Lars had accompanied her to the boat, and now Sabine was afraid. From the moment she’d boarded the little ferry, the man with the threadbare jacket had been staring at her. He was still looking right at her face, and now he was coming over to where she was. She was about to stand up and move away when the man said, “Are you Sabine Gerike?”
“Um, yes.”
“For God’s sake, girl, call home at once. They’re looking for you everywhere. Take a look at the newspaper.”
Shortly after this, the phone rang in Sabine’s parents’ house, and half an hour later District Attorney Krauther called me. He said Sabine had simply run off with her boyfriend and was expected back that afternoon. Philipp would be released, but he must be placed in psychiatric care. I had just agreed on this with Philipp and his father anyway. Krauther made me promise formally that I would take care of this.
I collected Philipp from the detention center, which looked like a little jail in a children’s book. Philipp, of course, was overjoyed to be free and to know that Sabine was fine. On the way back to his parents’ house, I asked him if he’d like to go for a walk. We stopped by a path across the fields. The cloudy sky above us was enormous, the rain had stopped, and you could hear the harsh cries of the gulls. We t
alked about his boarding school, his love of motorbikes, and the music he was listening to right now. Suddenly, out of nowhere, he said what he hadn’t wanted to say to the psychiatrist: “I see people and animals as numbers.”
“How do you mean?”
“When I see an animal, it has a number. For example, the cow over there is a thirty-six. The gull’s a twenty-two.
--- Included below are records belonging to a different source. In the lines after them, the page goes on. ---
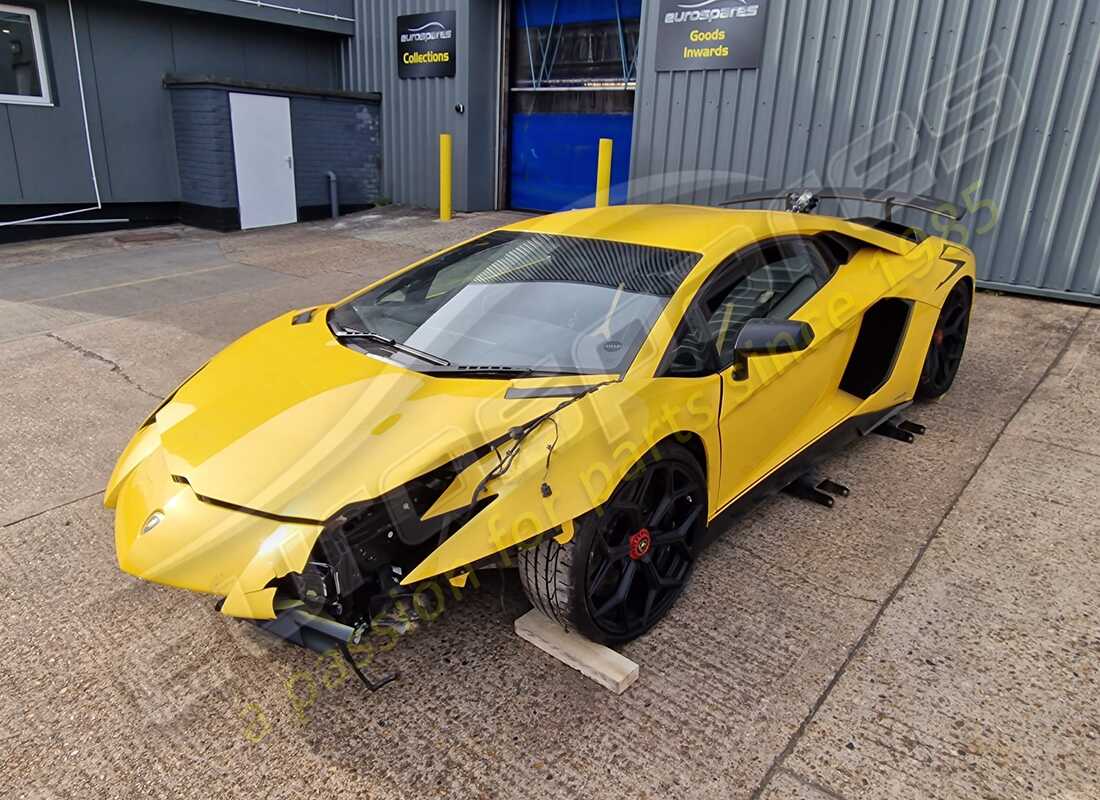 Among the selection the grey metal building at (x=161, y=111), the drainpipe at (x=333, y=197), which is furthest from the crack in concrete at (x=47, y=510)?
the drainpipe at (x=333, y=197)

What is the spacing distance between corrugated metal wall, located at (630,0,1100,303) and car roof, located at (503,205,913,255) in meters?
4.52

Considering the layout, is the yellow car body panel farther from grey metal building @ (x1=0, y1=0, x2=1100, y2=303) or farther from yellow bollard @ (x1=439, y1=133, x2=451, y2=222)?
yellow bollard @ (x1=439, y1=133, x2=451, y2=222)

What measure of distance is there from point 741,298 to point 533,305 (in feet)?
2.69

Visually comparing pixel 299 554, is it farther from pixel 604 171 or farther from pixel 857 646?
pixel 604 171

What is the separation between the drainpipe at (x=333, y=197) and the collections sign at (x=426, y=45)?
6.61ft

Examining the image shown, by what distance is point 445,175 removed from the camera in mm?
11297

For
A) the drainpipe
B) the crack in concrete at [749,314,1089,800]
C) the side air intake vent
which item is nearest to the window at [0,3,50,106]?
the drainpipe

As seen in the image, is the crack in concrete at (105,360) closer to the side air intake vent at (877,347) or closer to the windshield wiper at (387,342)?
the windshield wiper at (387,342)

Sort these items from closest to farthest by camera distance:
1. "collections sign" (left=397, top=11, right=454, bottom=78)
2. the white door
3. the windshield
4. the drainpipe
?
the windshield
the white door
"collections sign" (left=397, top=11, right=454, bottom=78)
the drainpipe

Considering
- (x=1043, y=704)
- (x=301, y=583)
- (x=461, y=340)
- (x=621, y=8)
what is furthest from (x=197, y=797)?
(x=621, y=8)

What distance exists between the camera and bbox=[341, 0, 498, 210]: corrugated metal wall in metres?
11.2

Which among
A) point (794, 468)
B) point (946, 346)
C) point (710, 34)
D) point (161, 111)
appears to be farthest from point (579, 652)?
point (161, 111)

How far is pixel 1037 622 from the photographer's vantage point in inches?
102

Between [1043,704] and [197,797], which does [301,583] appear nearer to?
[197,797] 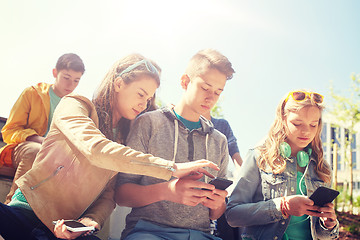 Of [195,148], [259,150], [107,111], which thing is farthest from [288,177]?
[107,111]

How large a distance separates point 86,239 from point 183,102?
49.5 inches

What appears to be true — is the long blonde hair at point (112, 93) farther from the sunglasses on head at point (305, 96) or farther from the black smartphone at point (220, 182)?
the sunglasses on head at point (305, 96)

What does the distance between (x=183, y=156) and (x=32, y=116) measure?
184cm

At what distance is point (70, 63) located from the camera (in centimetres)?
377

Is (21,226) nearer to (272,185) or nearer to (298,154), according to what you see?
(272,185)

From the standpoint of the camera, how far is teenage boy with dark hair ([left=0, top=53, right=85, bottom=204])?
2939mm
The judge was a fifty-one, and the prosecutor a twenty-three.”
“Do you think about this?”
“No, I see it. I see it right away. The same way other people see faces. I don’t ever think about it; it’s just there.”
“And do I have a number?”
“Yes, five. A good number.” We both had to laugh. It was the first time since he’d been arrested. We walked on silently side by side.
“Philipp, what is it with eighteen?”
He looked at me, startled. “Why eighteen?”
“You said it to the policewoman, and you killed the sheep with eighteen stab wounds.”
“No, that’s not right. I killed them first and then I stabbed them six times in each side and then six times in the back. I had to take the eyes out, too. It was hard; the first few times they came apart.” Philipp began to tremble. Then he blurted out, “I’m afraid of Eighteen. It’s the devil. Three times six. Eighteen. Do you get it?”
I glanced at him questioningly.
“The apocalypse. The Antichrist. It’s the number of the beast and the number of the devil.” He was almost screaming.
The number 666 is indeed in the Bible; it appears in the Revelation of Saint John: “Here is wisdom. Let him that hath understanding count the number of the beast: for it is the number of a man; and his number is six hundred threescore and six.” It was a popular belief that with these words the Evangelist was alluding to the devil.